Being Mortal gets even better when you get to the second half, when the focus shifts from nursing homes to actually dying. Reading between the lines, Gawande's has two important lessons for how to have a successful death.
1. Don't let the doctors anywhere near you.
Gawande sites a study where the researcher asked the doctors caring for five hundred terminally ill patients to estimate how long those patients would live and then followed those patients. Seventeen percent underestimated how long their patient would survive, while sixty-three percent overestimated. And the average estimate was five times what reality turned out to be.

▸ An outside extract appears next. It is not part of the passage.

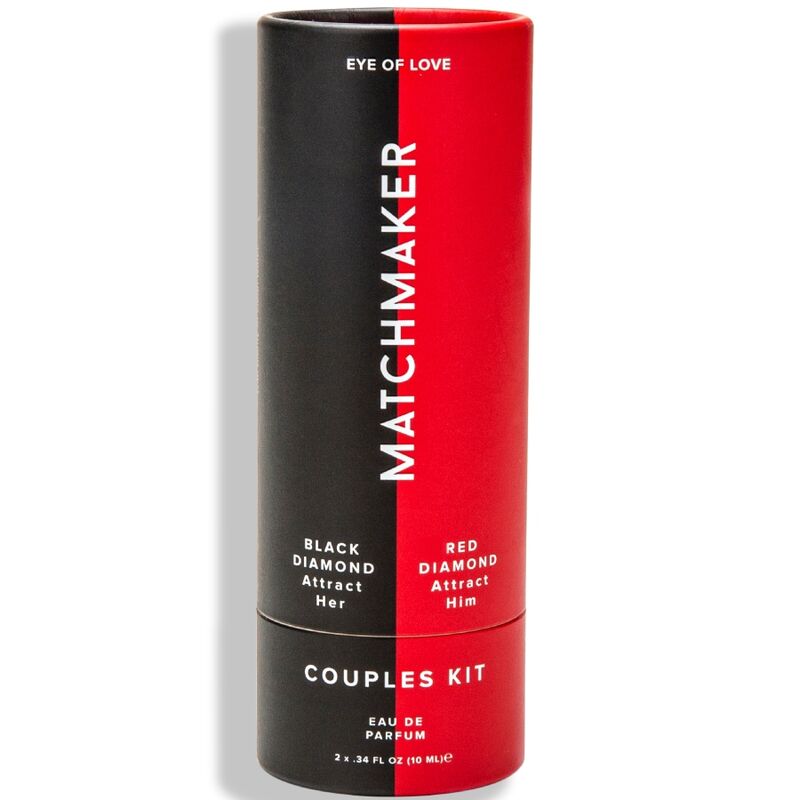 Kit Couple Matchmaker 20 ml - EYE OF LOVE – Parfum & ambiance – vue 2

So when the doctor tells you that you've got a year to live, there's a fairly high likelihood that you won't make it three months.
More important, Gawande tells stories of patients and families who finally come to grips with the fact that they aren't going survive their condition only to have doctors come in and convince them to try one more thing -- intubation, surgery, whatever -- only to have that "one more thing" not only fail to add to the quantity of their life, but to seriously undermine its quality.
As Gawande puts it, "We've created a multitrillion-dollar edifice for dispensing the medical equivalent of lottery tickets -- and have only the rudiments of a system to prepare patients for the near certainty that those tickets will not win." Based on the stories he tells, doctors aren't all that willing to concede the ticket's a loser either.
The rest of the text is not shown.